··· Records for processing
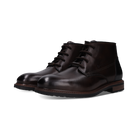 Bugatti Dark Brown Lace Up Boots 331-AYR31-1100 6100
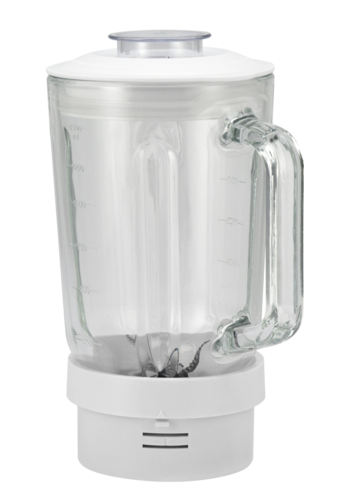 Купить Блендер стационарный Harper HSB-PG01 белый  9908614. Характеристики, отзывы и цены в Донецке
······
··· Records for processing
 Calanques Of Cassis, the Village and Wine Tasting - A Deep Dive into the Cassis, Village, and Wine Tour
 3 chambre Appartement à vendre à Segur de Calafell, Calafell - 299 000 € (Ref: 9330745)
······
··· Records for processing
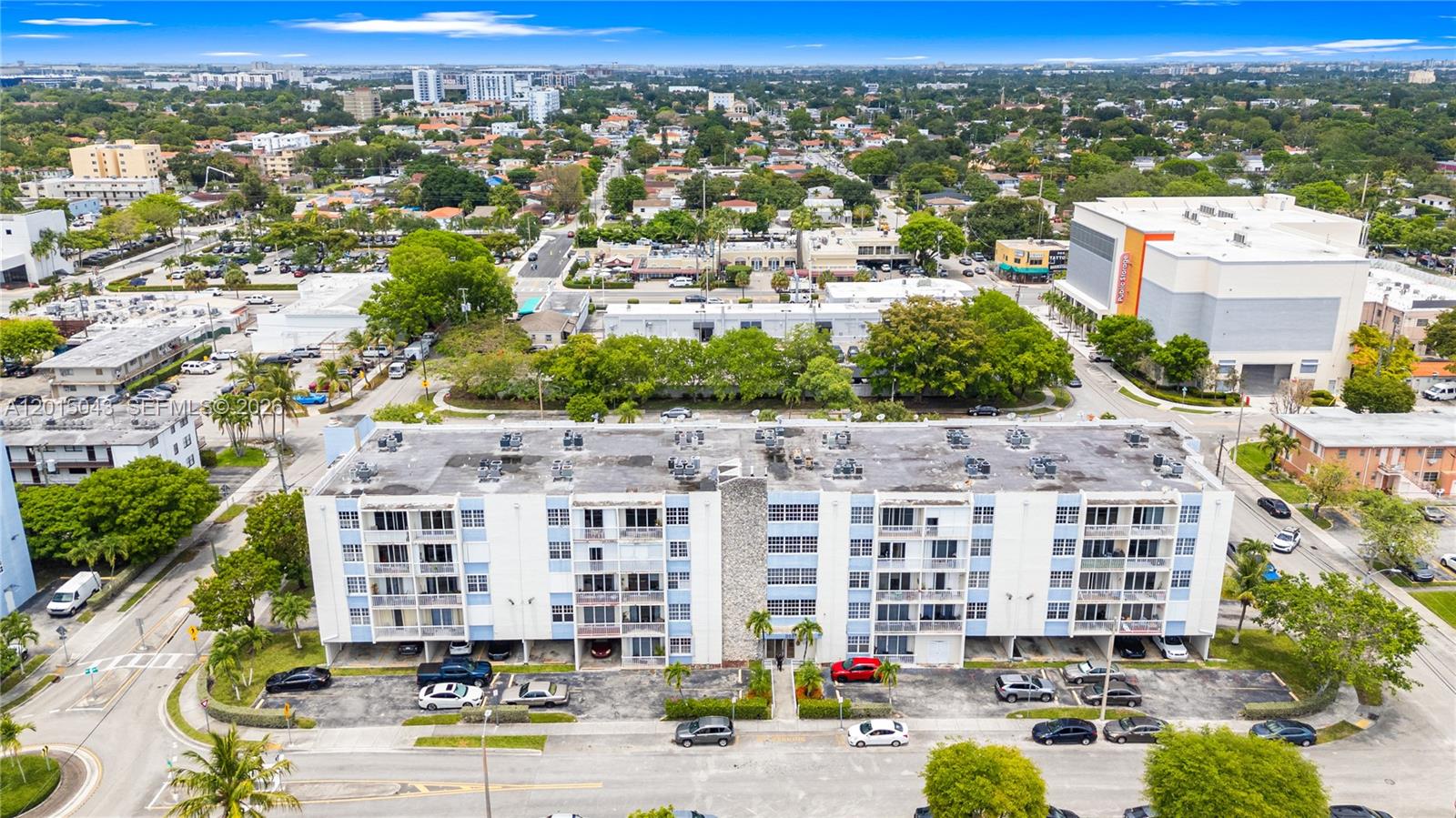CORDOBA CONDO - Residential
······
* [Exercise goal] Starting at the line above that contains "Calanques Of Cassis, the", repeat each line exactly up to and including the line that contains "3 chambre Appartement", and stop there.

* [Final answer]
 Calanques Of Cassis, the Village and Wine Tasting - A Deep Dive into the Cassis, Village, and Wine Tour
 3 chambre Appartement à vendre à Segur de Calafell, Calafell - 299 000 € (Ref: 9330745)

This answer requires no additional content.